Stored data:

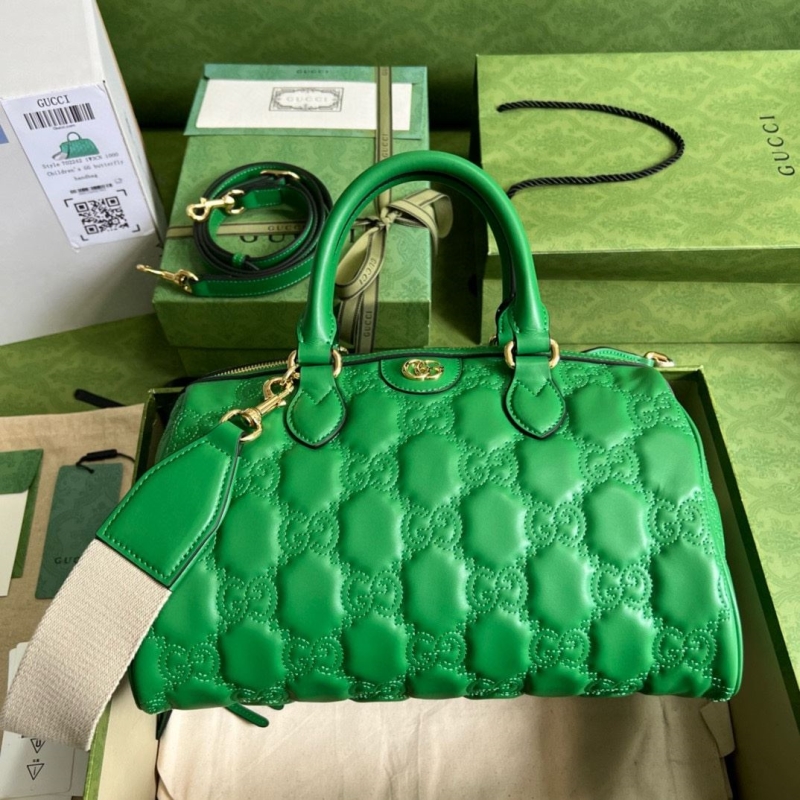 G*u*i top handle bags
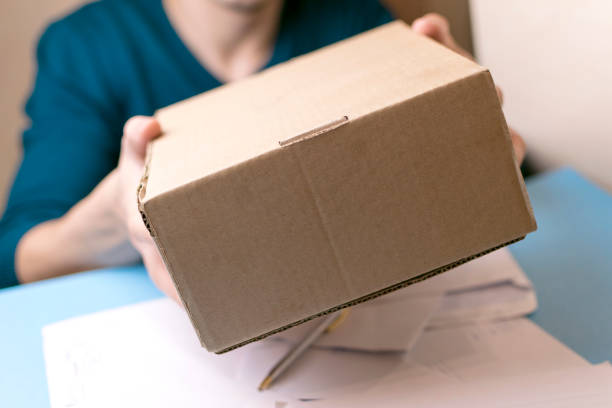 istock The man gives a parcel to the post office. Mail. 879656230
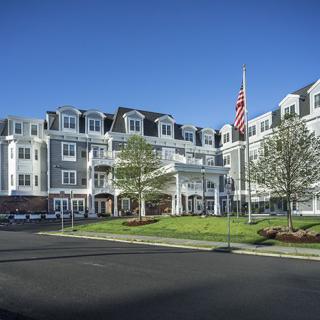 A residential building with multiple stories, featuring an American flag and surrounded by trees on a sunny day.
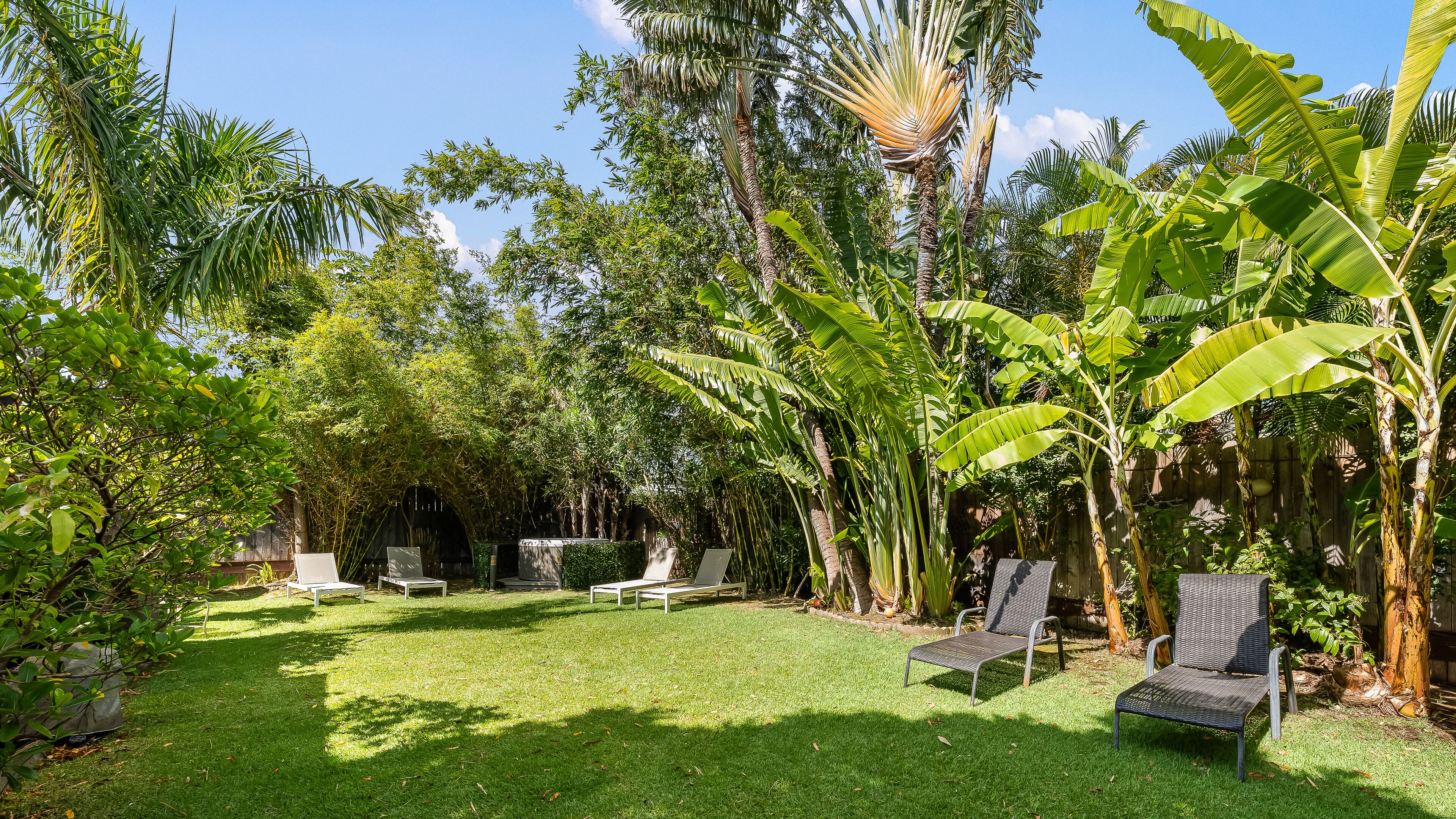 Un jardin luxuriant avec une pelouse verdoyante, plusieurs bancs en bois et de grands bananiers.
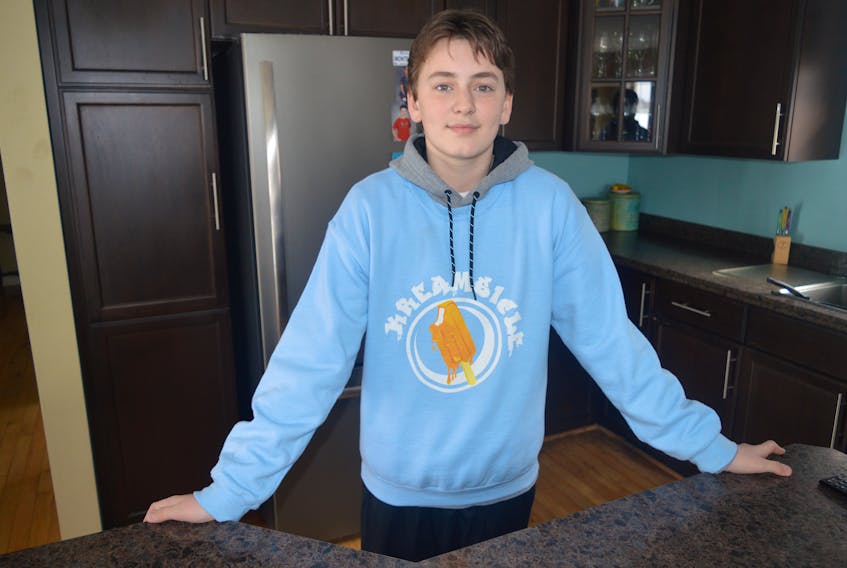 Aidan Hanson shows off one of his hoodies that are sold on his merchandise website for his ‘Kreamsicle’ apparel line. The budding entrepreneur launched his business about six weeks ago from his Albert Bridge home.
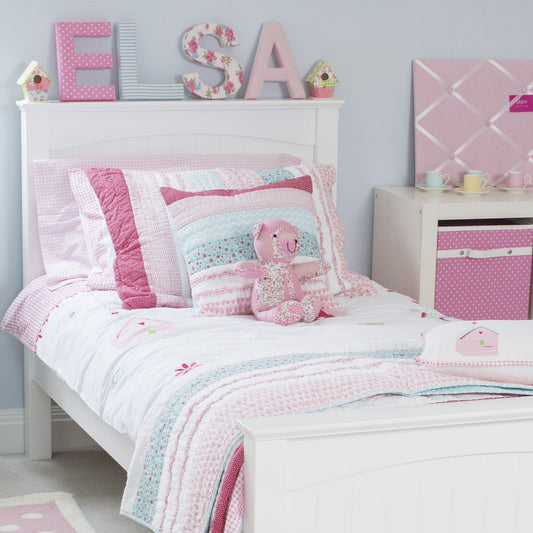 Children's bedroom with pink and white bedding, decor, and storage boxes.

==

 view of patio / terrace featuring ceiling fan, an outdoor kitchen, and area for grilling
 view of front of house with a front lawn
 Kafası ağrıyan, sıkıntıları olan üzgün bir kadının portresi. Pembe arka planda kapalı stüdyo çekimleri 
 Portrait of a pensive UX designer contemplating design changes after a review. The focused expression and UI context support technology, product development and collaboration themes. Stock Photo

...

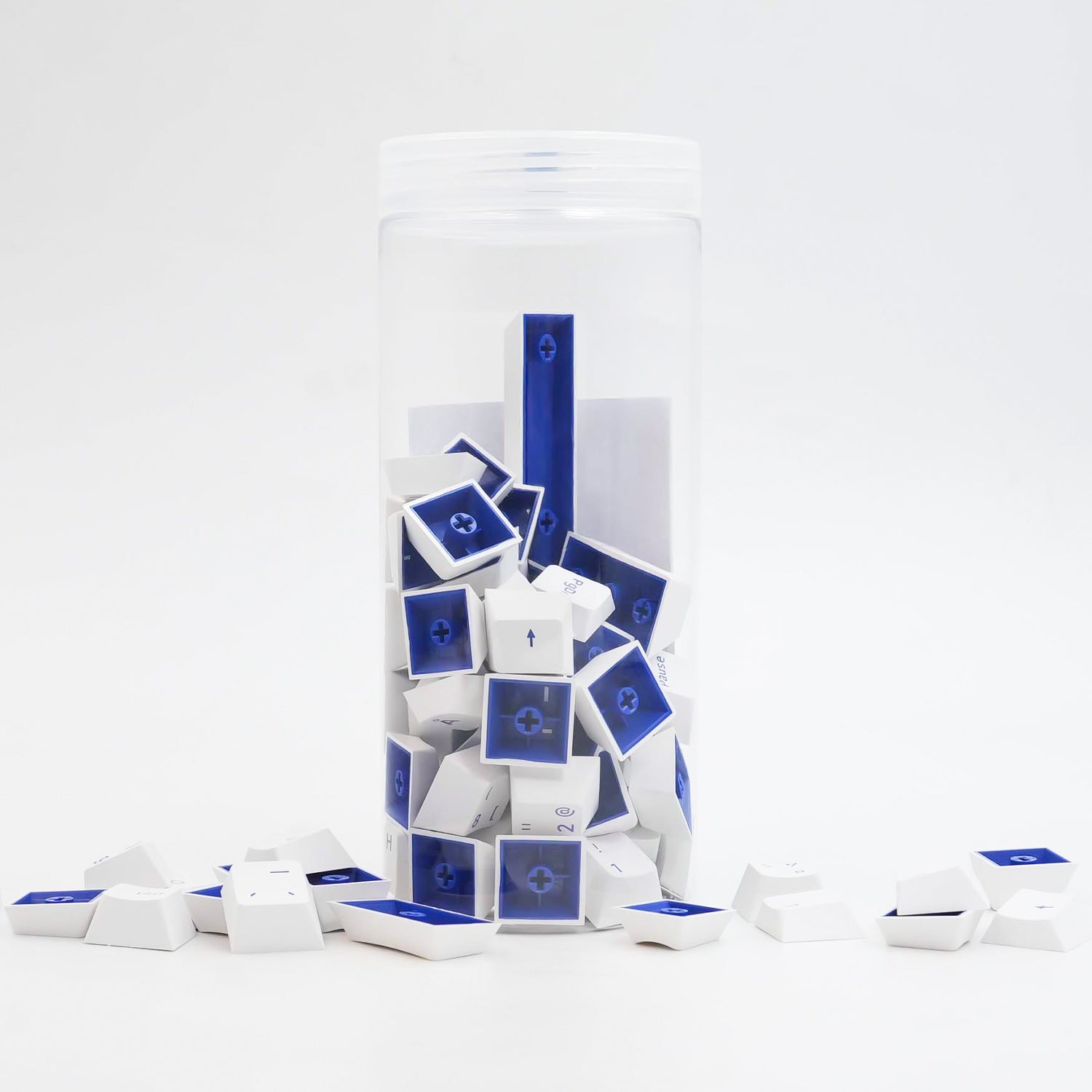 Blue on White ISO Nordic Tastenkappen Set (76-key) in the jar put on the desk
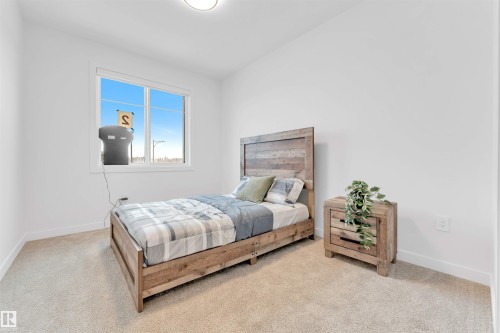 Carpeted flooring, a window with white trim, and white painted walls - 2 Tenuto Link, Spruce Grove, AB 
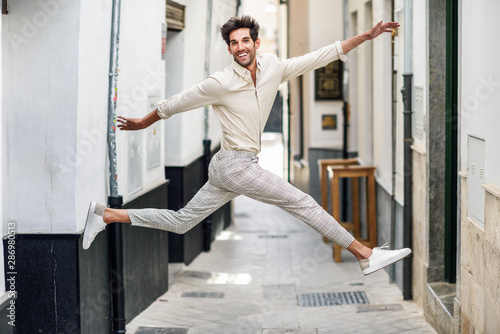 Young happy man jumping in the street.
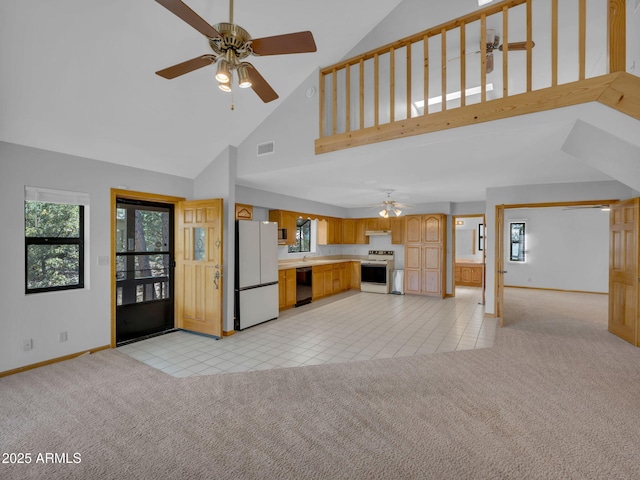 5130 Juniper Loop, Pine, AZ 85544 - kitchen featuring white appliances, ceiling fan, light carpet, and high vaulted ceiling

What needs to be done:
When the line with "Kafası ağrıyan, sıkıntıları" is reached in the data above, begin copying, and stop after the line with "Portrait of a"; copy each line exactly, both ends included.

Result:
 Kafası ağrıyan, sıkıntıları olan üzgün bir kadının portresi. Pembe arka planda kapalı stüdyo çekimleri 
 Portrait of a pensive UX designer contemplating design changes after a review. The focused expression and UI context support technology, product development and collaboration themes. Stock Photo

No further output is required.